The Apple Inc. (AAPL) brand seems to be doing just fine. Co-founder Steve Jobs passed away seven years ago on October 5, and even though his genius was once synonymous with the brand, the company's brand value hasn't fallen in global rankings.
Yesterday, global brand consultancy Interbrands released this year's ranking of the hundred most valuable brands in the world, and U.S. tech giants Apple, Alphabet Inc.'s Google (GOOG) and Amazon.com Inc (AMZN) hold the top three spots. Apple's brand value is estimated to have grown 16% to $214 billion. Amazon is the third brand after Apple and Google to reach a 100-billion-dollar brand valuation. (See also: Why Amazon's Stock May Reach $3,000 by 2020)
According to the brand consultancy firm, the ranking is based on three components: the financial performance of the branded products and services, the role the brand plays in influencing customer choice and the strength the brand has to create sustainable demand and secure earnings for the company into the future.
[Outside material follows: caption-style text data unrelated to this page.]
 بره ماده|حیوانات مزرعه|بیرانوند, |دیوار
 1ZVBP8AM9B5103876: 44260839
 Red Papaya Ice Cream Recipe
The top strengths of Apple's brand are differentiation, engagement and consistency, according to the report.
The brands with the fastest growing value on the list are Amazon (56%), Netflix Inc. (NFLX) (45%), Gucci (30%), Salesforce.com Inc. (CRM) (23%), and Louis Vuitton (23%).
“A decade after the global financial crisis, the brands that are growing fastest are those that intuitively understand their customers and make brave iconic moves that delight and deliver in new ways,” said Charles Trevail, Global Chief Executive Officer, Interbrand.
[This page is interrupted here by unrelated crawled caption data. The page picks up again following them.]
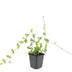 24x Vinca minor 'Blue and Gold' - ↕10-25cm - Ø9cm Bild 2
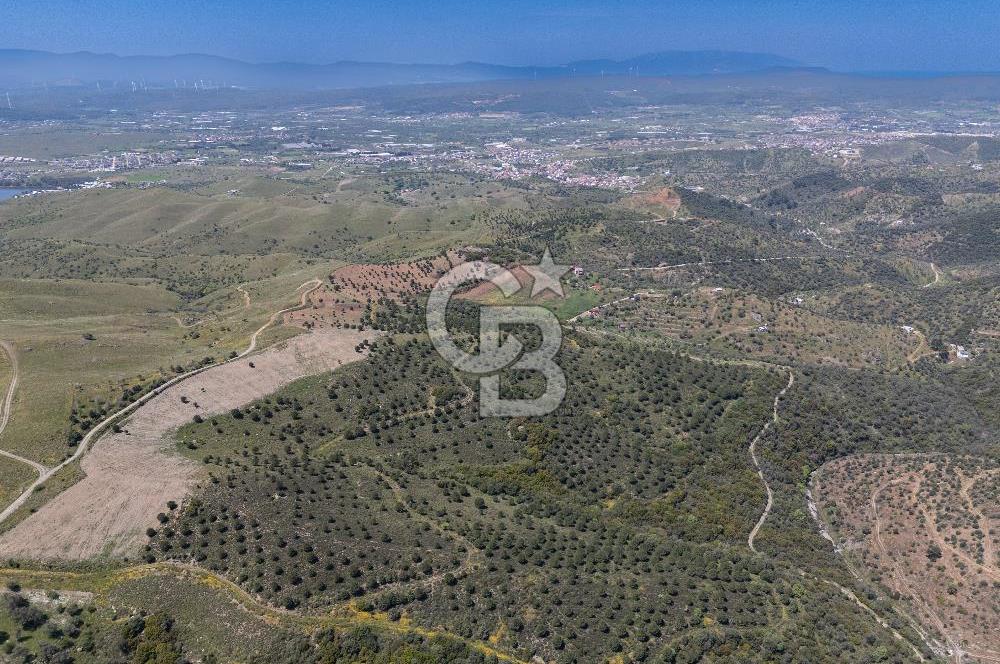 SEFERİHİSAR ULAMIŞ 409 DÖNÜM FISTIK ÇAMI ARAZİSİ | 130 YIL TAHSİSLİ
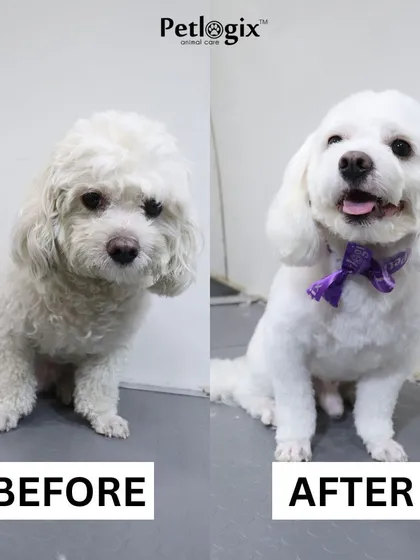 From a wild child to a glowing, well-groomed dog. This transformation highlights our ability to handle matted fur and deliver a clean, fresh result.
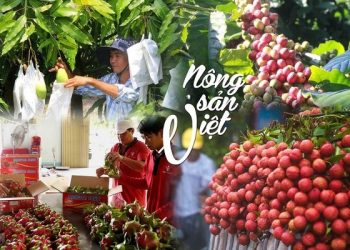 Mở rộng thị trường cho nông sản Việt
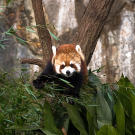 Red panda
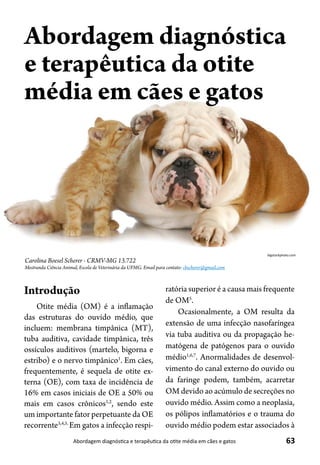 63Abordagem diagnóstica e terapêutica da otite média em cães e gatos
Carolina Boesel Scherer - CRMV-MG 13.722
Mestranda Ciência Animal, Escola de Veterinária da UFMG. Email para contato: cbscherer@gmail.com
Abordagem diagnóstica
e terapêutica da otite
média em cães e gatos
Introdução
Otite média (OM) é a inflamação
das estruturas do ouvido médio, que
incluem: membrana timpânica (MT),
tuba auditiva, cavidade timpânica, três
ossículos auditivos (martelo, bigorna e
estribo) e o nervo timpânico1
. Em cães,
frequentemente, é sequela de otite ex-
terna (OE), com taxa de incidência de
16% em casos iniciais de OE a 50% ou
mais em casos crônicos1,2
, sendo este
um importante fator perpetuante da OE
recorrente3,4,5.
Em gatos a infecção respi-
ratória superior é a causa mais frequente
de OM5
.
Ocasionalmente, a OM resulta da
extensão de uma infecção nasofaríngea
via tuba auditiva ou da propagação he-
matógena de patógenos para o ouvido
médio1,6,7
. Anormalidades de desenvol-
vimento do canal externo do ouvido ou
da faringe podem, também, acarretar
OM devido ao acúmulo de secreções no
ouvido médio. Assim como a neoplasia,
os pólipos inflamatórios e o trauma do
ouvido médio podem estar associados à
bigstockphoto.com
 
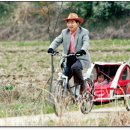 a bicycle hauling a cart 이미지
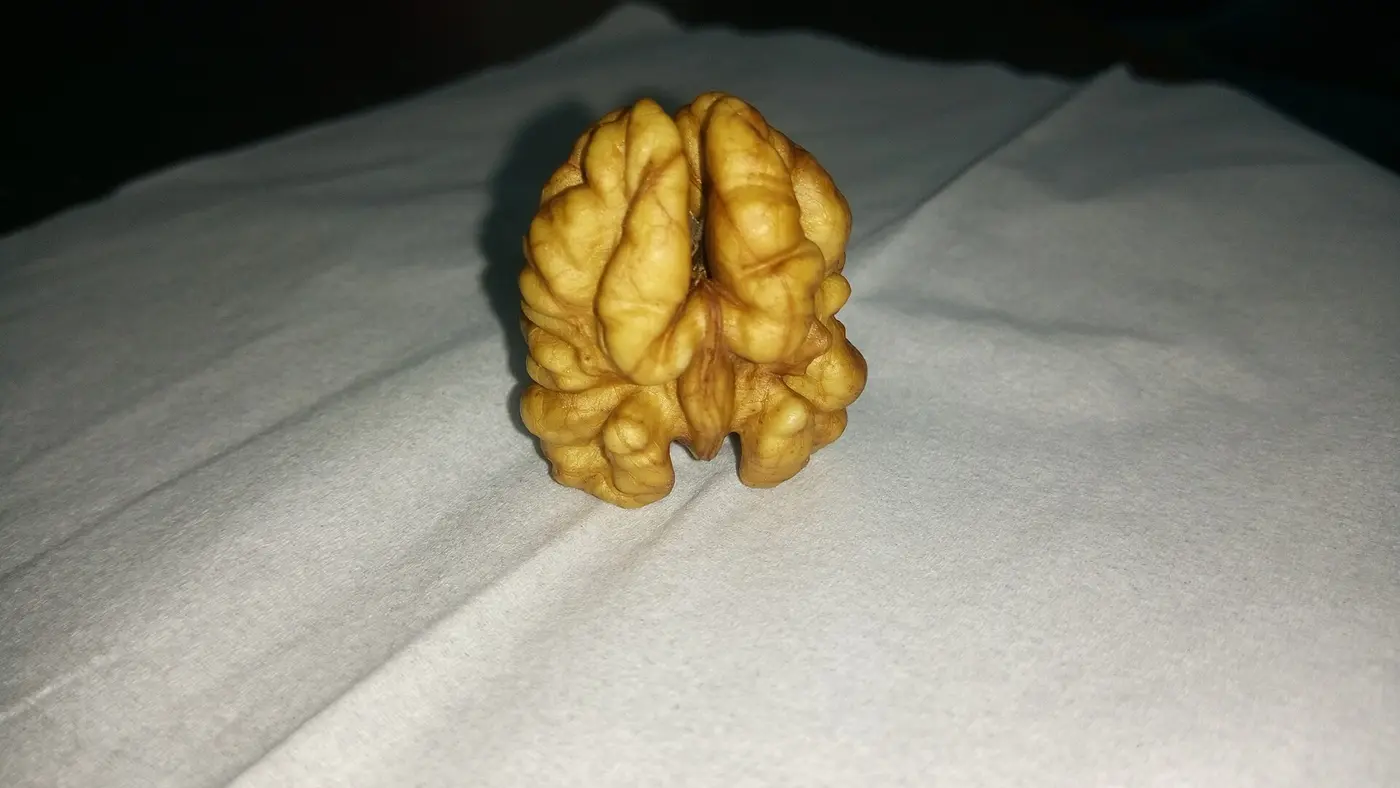 الجوز: ما يعطي الغطاءَ قوامَه، ولا يُصنع الصحنُ بدونه.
Facebook, which has been hit by several controversies, saw its brand value decline 6% this year after five years of being one of the top growing brands. (See also: Facebook Could Be Fined $1.6 Billion in Europe Over Data Breach)
Of the top ten brands, only three are not American, namely Japan's Toyota, South Korea's Samsung and Germany's Mercedes-Benz. More than half of the top 100 came from five sectors: Automotive (16), Technology (13), Financial Services (12), Luxury (9), and Fast-Moving Consumer Goods (9).